Friday, 12 April 2013

LACP miscellanea

According to the statistics, a few people have stumbled across this blog because they were searching for certain 7750-specific information relating to LACP. Here are a couple of answers that were missed out from my main LACP article:

What is the failover time for a LAG / etherchannel? 

The answer to this question varies considerably depending on the setup. If a device notices a bundled interface going physically down then it should unbundle it immediately, causing very low loss (50ms should be achievable).

In the event of an interface remaining physically up (i.e. where there is transmission equipment or EoMPLS between the two devices), also known as a silent failure, the failover will be up to 3 times the LACP timer. So the impact would be up to 3 seconds using fast timers or up to 90 seconds using slow timers. Most lower end Cisco kit only supports slow timers.

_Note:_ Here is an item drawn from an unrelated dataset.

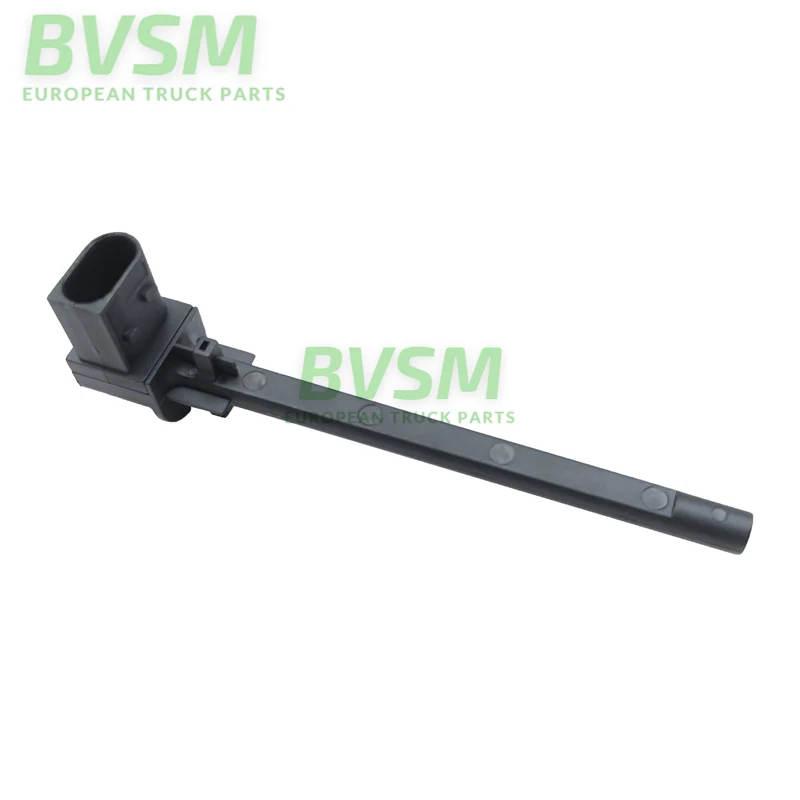 1Pcs For Volvo Trucks Coolant Level Sensor 21271982 Part for Volvo FM FH Series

In the event of a single fibre fault or other asymmetric failure, you may see a combination of these effects where traffic in one direction heals faster than the other. There are other corner cases such as when administratively shutting down an interface - some devices send an out of sync LACPDU to inform the other end the link is about to go away which helps speed convergence. It is really best to lab test where possible to check different failure scenarios.

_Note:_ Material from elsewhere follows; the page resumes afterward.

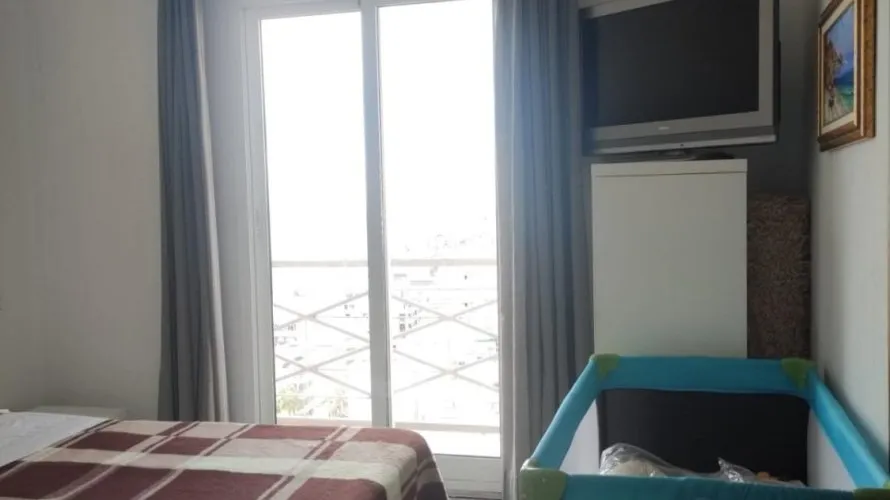 3 bedrooms penthouse for sale, Torrevieja, Spain No. 404 № 20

Be aware that when using load balanced LAGs, the impact to some streams may be zero. Typically traffic that is hashed onto one link in the bundle will not suffer loss when a different link in the bundle fails.

How can I transport, rather than terminate, LACP through epipe services on the Alcatel-Lucent 7750? 

The answer to this is pretty straightforward, but I know I looked in the wrong place when I first needed to use the feature.

All you need to do is to configure "lacp-tunnel" under the configure -> port -> ethernet context.

How can I transport, rather than terminate, LACP through a QinQ tunnel on a Cisco switch? 

Again, this is pretty straightforward. There are a load of different protocols that can optionally be tunneled on a dot1q-tunnel port, but we just need lacp enabled:

Simply configure "l2protocol-tunnel point-to-point lacp" under the dot1q-tunnel interface.

Normally it makes sense to tunnel everything (STP, CDP, VTP, LLDP, LACP, PAgP, ...) for consistency. Either be a tunnel or don't!

What is the valid range for LAG IDs on the 7750?

For IOM-based systems (i.e. SR-7, SR-12), the usable LAG ID range is 1 to 200. For integrated IOM systems such as SR-1 and ESS-1, the LAG ID range is 1 to 64.

Can you tell me something unusual about LACP on the 7750?

When  the Rx fibre for a LACP-speaking port loses light (i.e. fails), right before the port gets pulled down the 7750 sends an LACP out-of-sync message to inform the other end that it is going away. This is useful for single fibre faults and can drastically improve convergence times, particularly where transmission equipment between the two LACP peers does not forward link loss.

What does "mux: during state COLLECTING_DISTRIBUTING, got event 5(in_sync) (ignored)" mean in a Cisco debug?

As best I can tell it means that a LACPDU was received with the sync bit set, indicating that the far end is ready to use the link, but the link was already collecting / distributing (i.e. in use) so no change in state was required.

What does "lag number : partner oper state bits changed on member port : [expired false -> true]" mean on a 7750 debug?

This means that a particular port's state machine moved into the expired state due to missing three inbound LACPDUs from the peer. Once the port reaches the expired state it is removed from the bundle but the peer parameters are remembered for a further 3 intervals, after which point the peer information is flushed and the port enters the defaulted state.

Do the LACP keys need to match at both ends of a LAG?

No - the LACP key is locally significant and corresponds one-to-one with a LAG or etherchannel ID. It is used to check consistency (i.e. to catch crossed cables) so must be identical for all members within a LAG, however the devices at each end of the LAG can select any value they like for any particular LAG.

Why do ports get "suspended" from an etherchannel?

Basically a port gets suspended if its configuration is not in line with that of the port channel with which it is associated. The most common way to accidentally arrive in this state is for a member trunk port to have a different allowed VLAN list than its parent port-channel interface. While IOS allows member ports to be reconfigured, it is much more sensible to make the configuration changes to the port-channel interface - the changes are then pushed down to the member ports automatically, avoiding this kind of conflict.